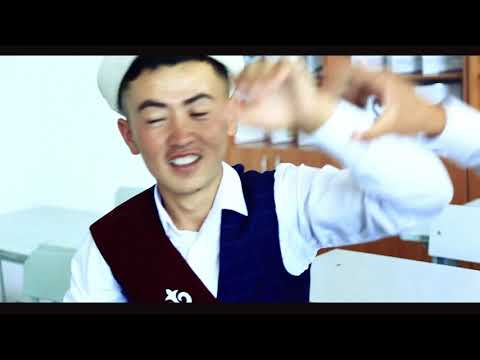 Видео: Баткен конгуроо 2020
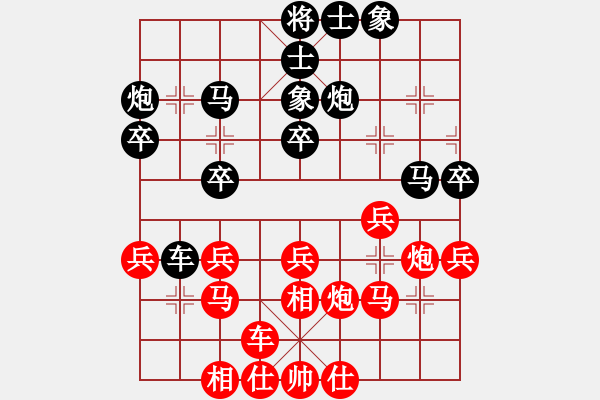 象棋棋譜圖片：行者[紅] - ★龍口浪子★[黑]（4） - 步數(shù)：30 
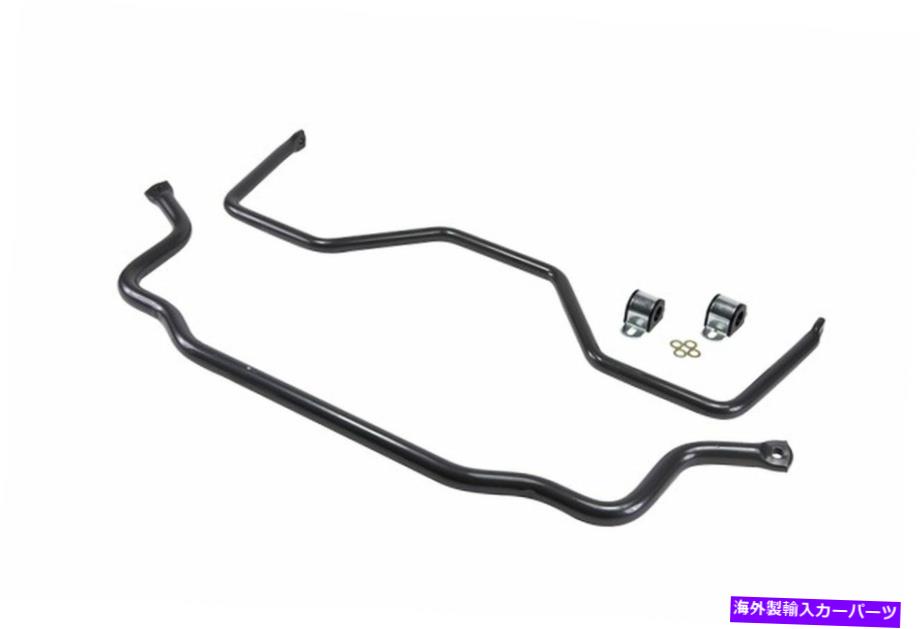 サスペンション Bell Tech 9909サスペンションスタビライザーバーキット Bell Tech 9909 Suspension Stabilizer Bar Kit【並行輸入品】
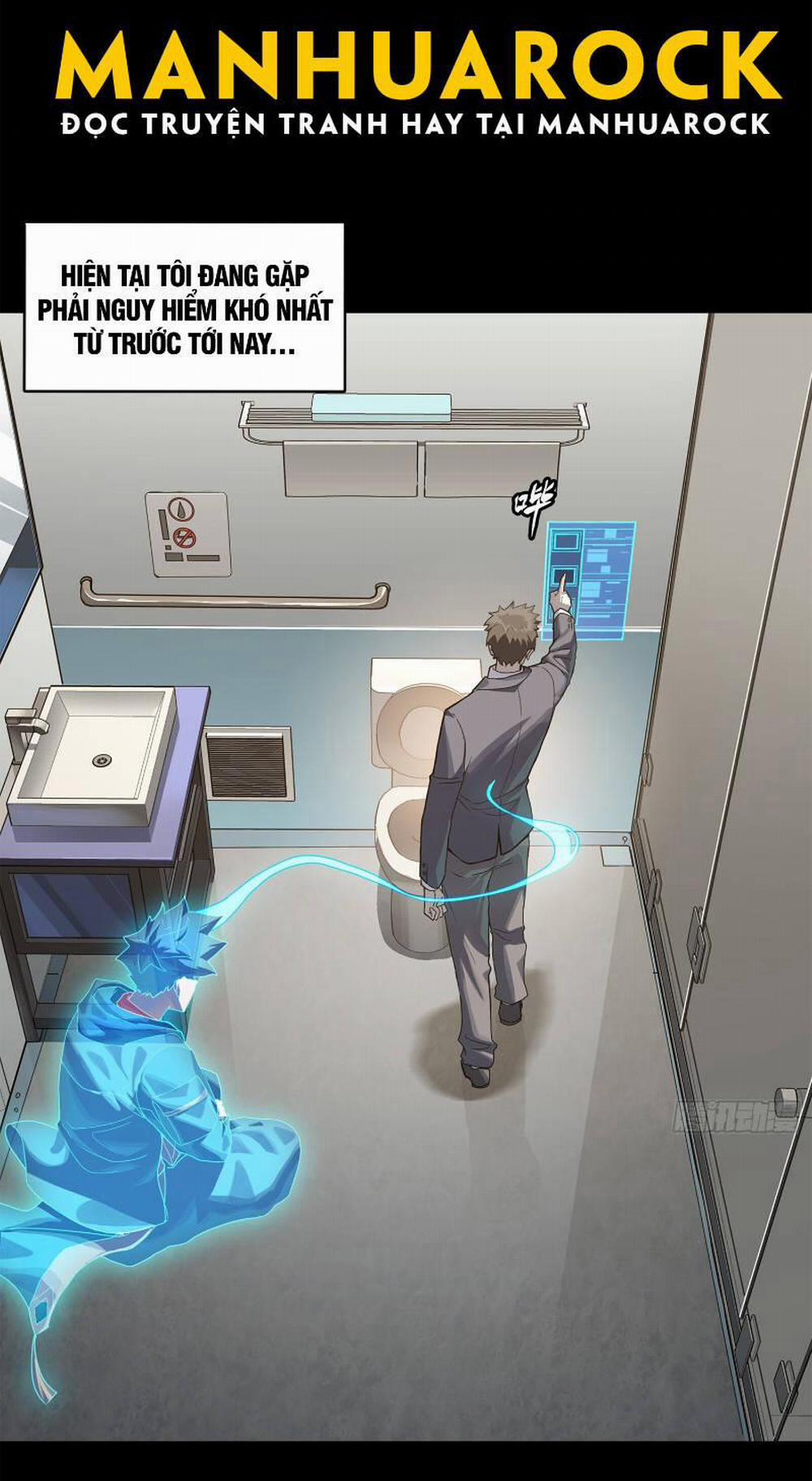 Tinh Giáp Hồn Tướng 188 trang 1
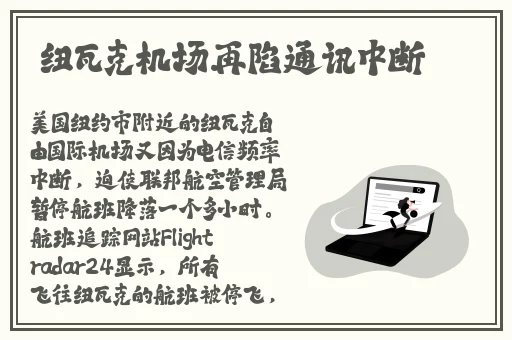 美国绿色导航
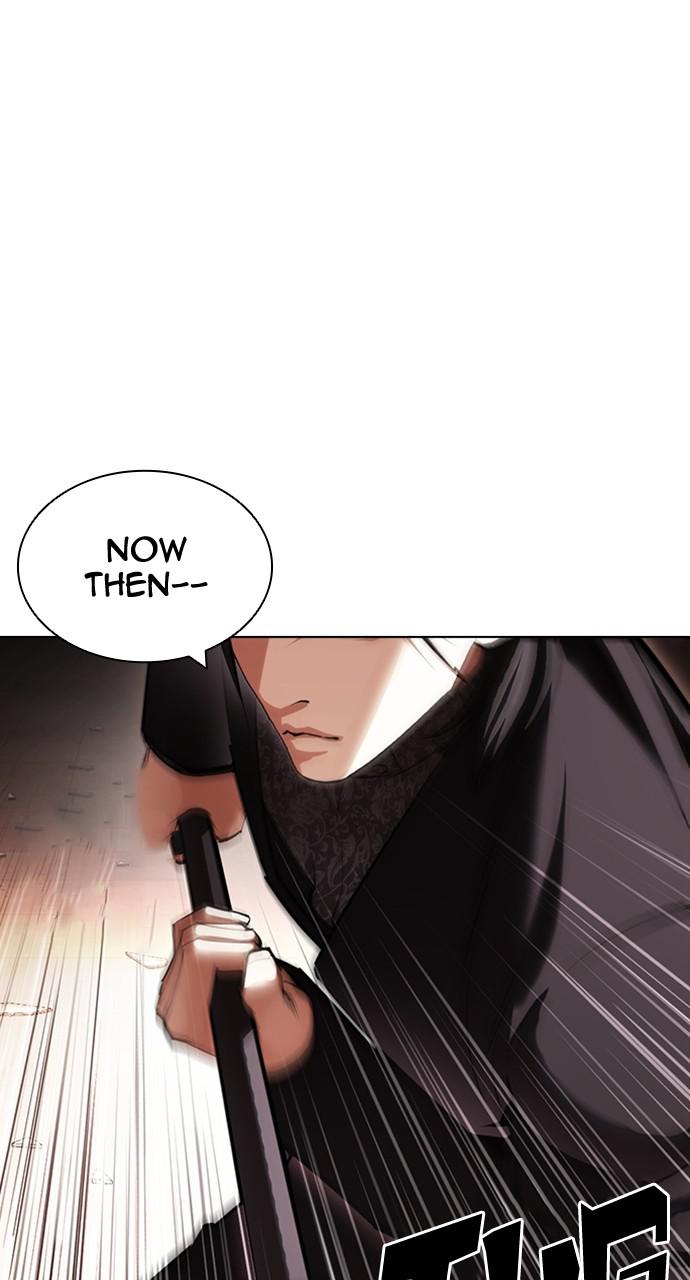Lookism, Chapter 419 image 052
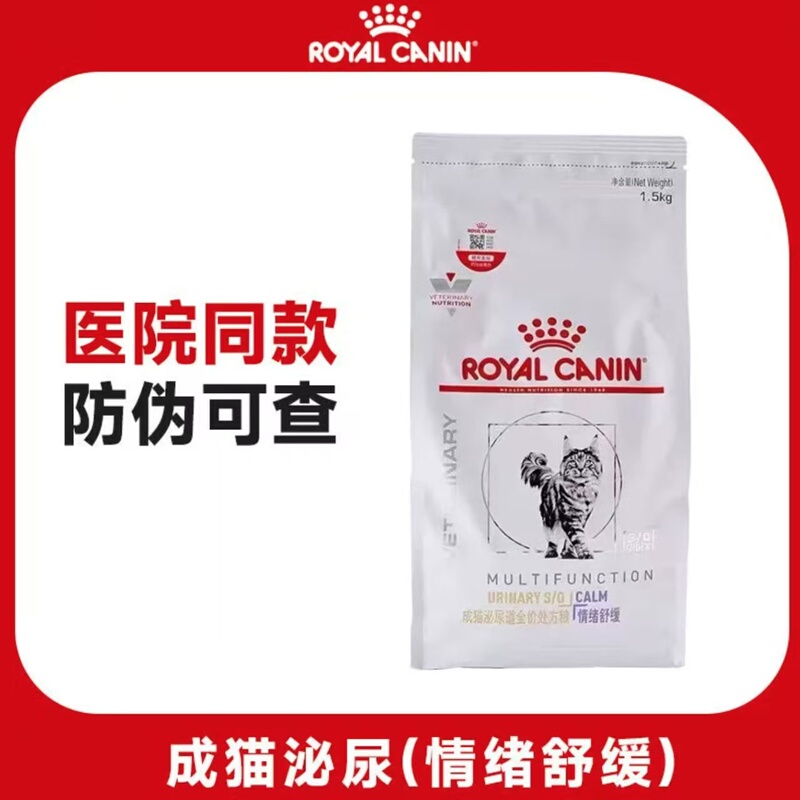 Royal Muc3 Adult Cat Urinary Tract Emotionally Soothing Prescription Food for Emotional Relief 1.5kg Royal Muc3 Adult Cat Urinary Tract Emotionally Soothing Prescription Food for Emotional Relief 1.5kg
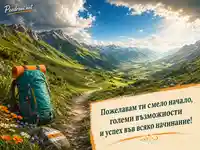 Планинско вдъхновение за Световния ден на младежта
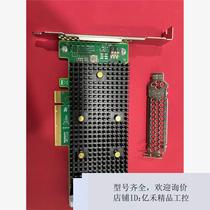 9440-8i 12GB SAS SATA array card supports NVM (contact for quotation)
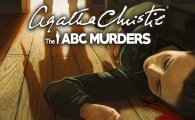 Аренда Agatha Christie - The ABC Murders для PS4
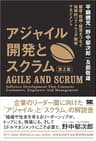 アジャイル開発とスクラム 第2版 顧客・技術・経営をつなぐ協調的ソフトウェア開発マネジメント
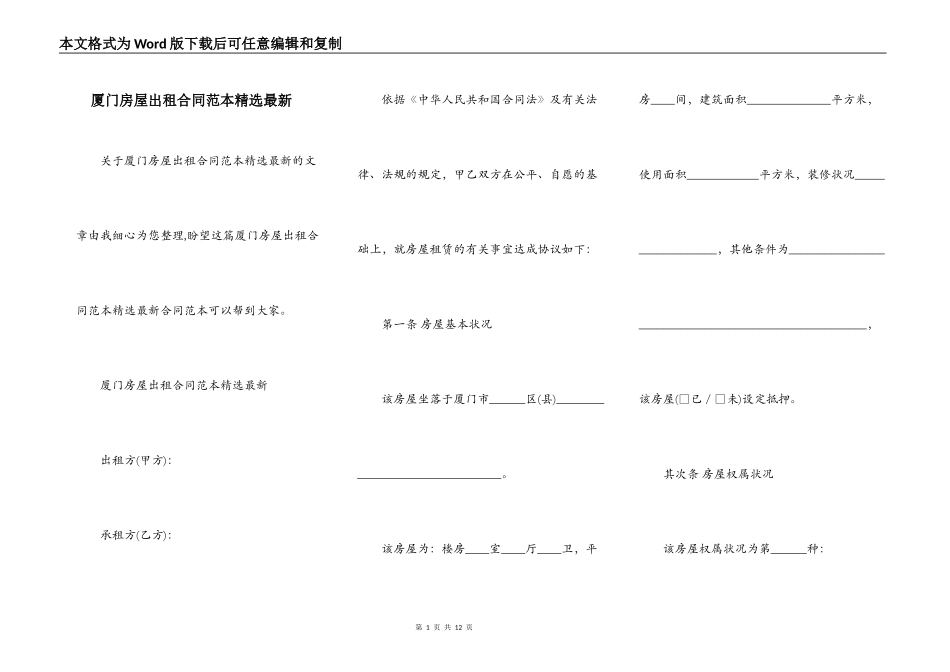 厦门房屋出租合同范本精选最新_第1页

═══

- **TASK REQUIREMENTS**
Your task is to copy exactly the lines from the line containing "サスペンション Bell Tech" through the final line of the listing above and to omit every picture.

- **RESPONSE**
 サスペンション Bell Tech 9909サスペンションスタビライザーバーキット Bell Tech 9909 Suspension Stabilizer Bar Kit【並行輸入品】
 Tinh Giáp Hồn Tướng 188 trang 1
 美国绿色导航
Lookism, Chapter 419 image 052
 Royal Muc3 Adult Cat Urinary Tract Emotionally Soothing Prescription Food for Emotional Relief 1.5kg Royal Muc3 Adult Cat Urinary Tract Emotionally Soothing Prescription Food for Emotional Relief 1.5kg
 Планинско вдъхновение за Световния ден на младежта
 9440-8i 12GB SAS SATA array card supports NVM (contact for quotation)
 Аренда Agatha Christie - The ABC Murders для PS4
 アジャイル開発とスクラム 第2版 顧客・技術・経営をつなぐ協調的ソフトウェア開発マネジメント
 厦门房屋出租合同范本精选最新_第1页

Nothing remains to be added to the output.